Comparisons which produce 32-bit boolean results (0 or 0xFFFFFFFF)
but operate on 16-bit types would first generate a CMP instruction
with W or HF types, before expanding it out. This CMP is a partial
write, which leads us to think the register may contain some prior
contents still. When placed in a loop, this causes its live range
to extend beyond its real life time.
Mark the register with UNDEF first so that we know that no prior
contents exist and need to be preserved.
This affects:
flt32, fge32, feq32, fneu32, ilt32, ult32, ige32, uge32, ieq32, ine32
On one of Cyberpunk 2077's most complex compute shaders, this reduces
the maximum live registers from 696 to 537 (22.8%).

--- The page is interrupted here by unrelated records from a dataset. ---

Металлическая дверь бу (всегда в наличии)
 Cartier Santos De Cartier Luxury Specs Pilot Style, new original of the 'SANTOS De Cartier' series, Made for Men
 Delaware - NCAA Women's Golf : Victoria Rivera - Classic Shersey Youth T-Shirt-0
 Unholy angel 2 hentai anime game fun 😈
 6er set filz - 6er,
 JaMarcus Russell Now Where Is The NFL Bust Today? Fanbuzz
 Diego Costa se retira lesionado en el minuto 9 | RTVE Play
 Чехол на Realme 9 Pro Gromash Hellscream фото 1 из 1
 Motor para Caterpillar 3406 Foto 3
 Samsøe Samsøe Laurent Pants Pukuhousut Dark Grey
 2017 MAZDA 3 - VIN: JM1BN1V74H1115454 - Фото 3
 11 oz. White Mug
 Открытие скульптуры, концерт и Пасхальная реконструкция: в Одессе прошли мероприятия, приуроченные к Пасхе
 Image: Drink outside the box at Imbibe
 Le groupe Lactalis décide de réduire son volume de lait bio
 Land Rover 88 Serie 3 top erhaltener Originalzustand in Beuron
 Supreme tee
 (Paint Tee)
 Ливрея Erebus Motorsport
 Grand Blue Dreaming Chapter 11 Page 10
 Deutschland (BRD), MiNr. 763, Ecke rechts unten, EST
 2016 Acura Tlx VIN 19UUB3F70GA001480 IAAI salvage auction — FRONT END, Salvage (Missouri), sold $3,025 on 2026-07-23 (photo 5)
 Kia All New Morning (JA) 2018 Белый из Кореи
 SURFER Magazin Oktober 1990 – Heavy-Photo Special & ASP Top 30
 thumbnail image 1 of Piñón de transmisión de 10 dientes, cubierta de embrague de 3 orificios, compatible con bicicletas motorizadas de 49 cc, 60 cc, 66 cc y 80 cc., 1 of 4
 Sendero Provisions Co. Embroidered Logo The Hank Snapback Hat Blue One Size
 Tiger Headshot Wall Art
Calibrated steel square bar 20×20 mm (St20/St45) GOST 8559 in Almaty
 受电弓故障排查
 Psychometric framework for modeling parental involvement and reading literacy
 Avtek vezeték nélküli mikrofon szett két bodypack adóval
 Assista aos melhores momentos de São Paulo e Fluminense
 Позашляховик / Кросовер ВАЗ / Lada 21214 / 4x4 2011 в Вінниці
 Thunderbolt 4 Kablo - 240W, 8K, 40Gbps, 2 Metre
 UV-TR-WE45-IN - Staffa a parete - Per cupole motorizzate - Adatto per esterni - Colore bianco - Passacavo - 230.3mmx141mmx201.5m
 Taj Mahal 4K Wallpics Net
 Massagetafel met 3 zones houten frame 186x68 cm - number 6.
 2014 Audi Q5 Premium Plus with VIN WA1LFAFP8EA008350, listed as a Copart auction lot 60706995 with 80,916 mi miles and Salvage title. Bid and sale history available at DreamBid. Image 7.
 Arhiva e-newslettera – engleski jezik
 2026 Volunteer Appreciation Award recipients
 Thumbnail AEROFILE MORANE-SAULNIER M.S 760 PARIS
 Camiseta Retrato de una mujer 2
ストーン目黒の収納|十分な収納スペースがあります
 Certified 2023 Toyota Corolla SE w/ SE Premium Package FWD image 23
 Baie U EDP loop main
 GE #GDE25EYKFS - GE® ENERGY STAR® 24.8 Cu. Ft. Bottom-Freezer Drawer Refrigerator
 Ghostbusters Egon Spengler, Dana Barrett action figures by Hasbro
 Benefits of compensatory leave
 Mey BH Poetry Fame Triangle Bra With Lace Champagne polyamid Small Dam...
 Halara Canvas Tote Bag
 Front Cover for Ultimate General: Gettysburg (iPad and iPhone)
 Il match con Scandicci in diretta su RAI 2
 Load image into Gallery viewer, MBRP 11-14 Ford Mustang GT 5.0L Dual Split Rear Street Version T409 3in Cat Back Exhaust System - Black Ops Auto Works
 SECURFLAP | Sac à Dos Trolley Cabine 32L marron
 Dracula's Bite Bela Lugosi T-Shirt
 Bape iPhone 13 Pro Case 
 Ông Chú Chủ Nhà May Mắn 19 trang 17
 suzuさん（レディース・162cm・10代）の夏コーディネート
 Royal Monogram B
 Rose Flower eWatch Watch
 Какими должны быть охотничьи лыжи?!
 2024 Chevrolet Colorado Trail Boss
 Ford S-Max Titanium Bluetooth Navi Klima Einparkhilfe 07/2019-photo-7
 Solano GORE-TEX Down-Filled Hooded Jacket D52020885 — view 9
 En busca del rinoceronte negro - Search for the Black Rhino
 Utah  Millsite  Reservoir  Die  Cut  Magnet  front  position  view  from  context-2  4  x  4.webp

Together with the
next patch, Cyberpunk's spills and fills are cut by 10.23% and 9.19%,
respectively.
Reviewed-by: Lionel Landwerlin <lionel.g.landwerlin@intel.com>
Reviewed-by: Francisco Jerez <currojerez@riseup.net>
Part-of: <https://gitlab.freedesktop.org/mesa/mesa/-/merge_requests/22835>
fs_reg dest = result;
const uint32_t bit_size = nir_src_bit_size(instr->src[0].src);
- if (bit_size != 32)
+ if (bit_size != 32) {
dest = bld.vgrf(op[0].type, 1);
+ bld.UNDEF(dest);
+ }
bld.CMP(dest, op[0], op[1], brw_cmod_for_nir_comparison(instr->op));
fs_reg dest = result;
const uint32_t bit_size = type_sz(op[0].type) * 8;
- if (bit_size != 32)
+ if (bit_size != 32) {
dest = bld.vgrf(op[0].type, 1);
+ bld.UNDEF(dest);
+ }
bld.CMP(dest, op[0], op[1],
brw_cmod_for_nir_comparison(instr->op));